The myxoma virus protein Serp-1 is a member of the serine protease inhibitor superfamily. Serp-1 potently inhibits human serum proteases including plasmin, urokinase-type plasminogen activator (uPA), and tissue-type plasminogen activator (tPA). Serp-1 also displays a high antiinflammatory activity, rendering it a promising candidate for antiatherosclerotic therapy. In this study, we have thus examined the effect of Serp-1 on de novo atherosclerotic plaque formation and on advanced lesions. Perivascular collars were placed around carotid arteries of ApoE-/- mice to induce atherosclerotic plaques and Serp-1 treatment started at week 1 and week 5 after collar placement. Effects of Serp-1 on de novo atherogenesis were characterized by a significantly lower plaque size than that of control mice (18±5×103 versus 57±12×103 μm2, respectively; P=0.007). Immunostaining showed a 50% (P=0.004) decrease in the MOMA-2-stained lesion area of Serp-l-treated mice.
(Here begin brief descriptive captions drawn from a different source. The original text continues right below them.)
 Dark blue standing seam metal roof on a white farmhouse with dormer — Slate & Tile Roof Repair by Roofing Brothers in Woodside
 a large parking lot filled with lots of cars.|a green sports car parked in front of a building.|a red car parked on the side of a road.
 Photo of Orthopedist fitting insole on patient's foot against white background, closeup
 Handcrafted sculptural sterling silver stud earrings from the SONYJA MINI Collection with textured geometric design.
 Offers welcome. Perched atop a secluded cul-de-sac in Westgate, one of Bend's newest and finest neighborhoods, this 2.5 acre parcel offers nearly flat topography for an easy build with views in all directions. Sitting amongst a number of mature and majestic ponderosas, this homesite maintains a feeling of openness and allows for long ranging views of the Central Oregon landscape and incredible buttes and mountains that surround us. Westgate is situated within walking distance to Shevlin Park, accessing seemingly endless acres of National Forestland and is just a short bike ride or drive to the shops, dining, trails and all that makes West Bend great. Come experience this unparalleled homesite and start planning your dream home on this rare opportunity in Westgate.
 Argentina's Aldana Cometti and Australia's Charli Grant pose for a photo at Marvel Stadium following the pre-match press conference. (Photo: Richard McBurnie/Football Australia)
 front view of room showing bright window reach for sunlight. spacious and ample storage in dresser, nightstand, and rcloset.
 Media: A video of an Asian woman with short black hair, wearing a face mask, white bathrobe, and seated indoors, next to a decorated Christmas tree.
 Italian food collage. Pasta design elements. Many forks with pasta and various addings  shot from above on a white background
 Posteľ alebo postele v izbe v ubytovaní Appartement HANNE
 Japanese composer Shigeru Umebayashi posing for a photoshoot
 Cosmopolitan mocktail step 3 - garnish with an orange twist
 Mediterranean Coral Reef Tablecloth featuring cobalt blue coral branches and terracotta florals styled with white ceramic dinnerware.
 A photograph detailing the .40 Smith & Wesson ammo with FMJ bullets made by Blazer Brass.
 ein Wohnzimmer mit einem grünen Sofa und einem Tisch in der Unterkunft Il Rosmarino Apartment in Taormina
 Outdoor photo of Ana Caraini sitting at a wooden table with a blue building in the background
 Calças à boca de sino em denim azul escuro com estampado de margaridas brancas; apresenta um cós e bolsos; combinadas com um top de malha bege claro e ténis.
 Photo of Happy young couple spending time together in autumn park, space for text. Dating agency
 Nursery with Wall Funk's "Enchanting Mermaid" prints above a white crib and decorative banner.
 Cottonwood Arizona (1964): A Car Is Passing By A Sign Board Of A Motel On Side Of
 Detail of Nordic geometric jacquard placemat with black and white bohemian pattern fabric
Treatment of advanced lesions with Serp-1 resulted in a decrease in plaque size and lumen stenosis (P=0.028). α-Actin staining of these lesions was significantly increased compared with the control (P=0.017). In both studies, a higher cellularity of the plaque and increased collagen content was observed in Serp-l-treated mice. In vitro studies showed that Serp-1 induces proliferation and migration of vascular smooth muscle cells. In conclusion, Serp-1 inhibits carotid artery plaque growth and progression in ApoE-/- mice. Equally relevant, it enhances cellularity of the plaque core potentially leading to improved plaque stability. The above results indicate that Serp-1 constitutes a promising lead in antiatherosclerotic therapy.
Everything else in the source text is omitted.